Только тогда и читатель сможет подходить к ней уважительно, размеренно, расторопно. И тут важен не только титул, важно все: белая страница, шмуцтитул, заставки, концовки - вся многослойная структура книги, которая задает ее пространственные масштабы. То ты находишься в передней, то в гостиной, то в
кухне, то еще где-нибудь. Разная обстановка, разные условия, и у тебя уже больше игры в глазах, в душе, в уме, в руках, ты определенным образом листаешь эту книгу, образовываются особые контрапункты при перелистывании. Старую книгу с плюром, например, ты уже не будешь вот так вот листать, она вызывает к себе уважительное отношение, и это можно сегодня делать разными средствами - если не в учебниках, потому что они должны быть дешевыми... Хотя, может быть, именно с учебников и надо начинать. Ибо тогда дети сидели бы прямо за столом и мыли руки перед... едой.
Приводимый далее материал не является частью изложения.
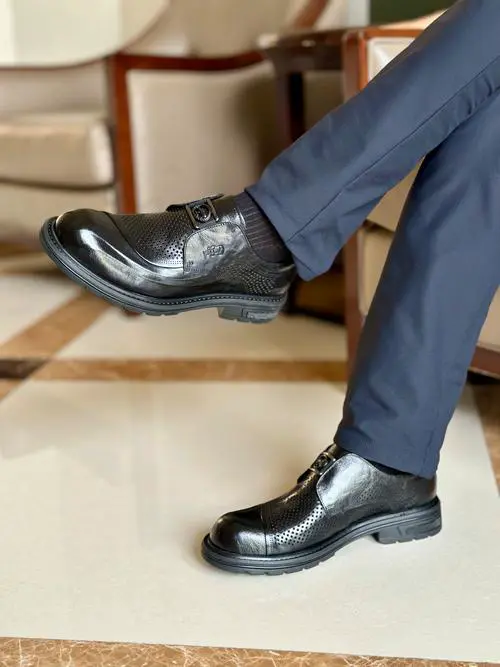 夏天怎么搭配皮鞋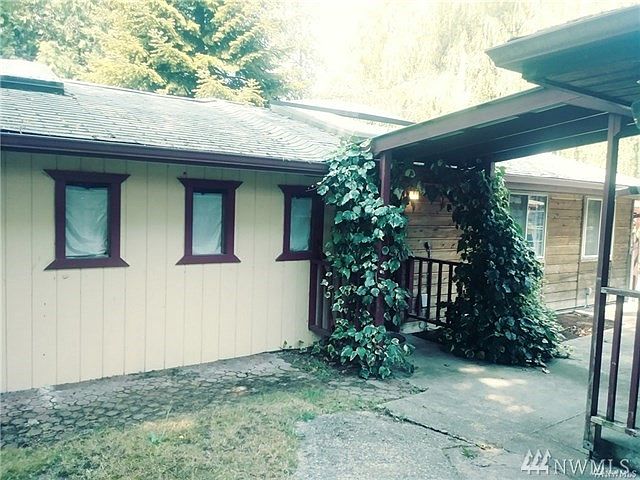 1st image of 5206 140th St E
Ведь мы до чего доходили? В издательстве мне сказали, что для сборника "Наука и человечество" нельзя делать белый супер, ибо он "маркий". Оказывается, мы берем книгу, где Оппенгеймера
статья и прочих лауреатов Нобелевских премий, и говорим: "мы не можем делать белый супер, потому что он маркий" - программируя этим, что ты будешь не то, что с улицы, а просто из выгребной ямы, не помыв руки, хватать эту книгу! По-моему, тут проблема чрезвычайной важности. По-моему, художник должен оказывать воспитательное воздействие на людей, которые считают, что к книге можно так относиться.
Ведь мы же не считаем, что всякую вещь нужно делать прочной только потому, что заложена такая программа, что ее какие-то руки тронут и сломают. Тогда бы не было ни фарфора тонкого, ни хрусталя - все бы делалось железобетонным, стальным, со швеллерами, с укреплениями углов... Почему же к книге можно так относиться?
Надо ставить вопрос - между прочим, и искусствоведам, писать статьи об этом - об изменении отношения к книге. Ведь посмотри, что получается: никто же не говорит, что библиотечную книгу плохо листают. Был ряд статей, когда обнаружилось, что кандидаты наук, доктора, профессора, допущенные в научные залы, куда тебя не пустят (тебя, может быть, пустят, а другого не пустят) - что они вырезают нужную иллюстрацию из книги. Нет речи о том, что он ее вот так вот листает. Бог с ним - только бы не вырывал!
А такое отношение, я тебе точно говорю, такая непочтительность - знаешь, к чему приведет? А я тебе скажу! Что через пятьдесят лет не будет людей, которые смогут сделать хорошую надпись, как нет уже хороших каменщиков. Кто тебе сегодня оперный дом по проекту Баженова сложит? Никто не может. Кружева из кирпича плести, обрубать его, фасонно отформовать- это же уметь надо. Есть каменщики, а не те, и спохватываемся мы только тогда, когда ремесло уже уходит, утрачивается.
Так и со шрифтом может быть. И об этом надо писать сейчас, пока не поздно.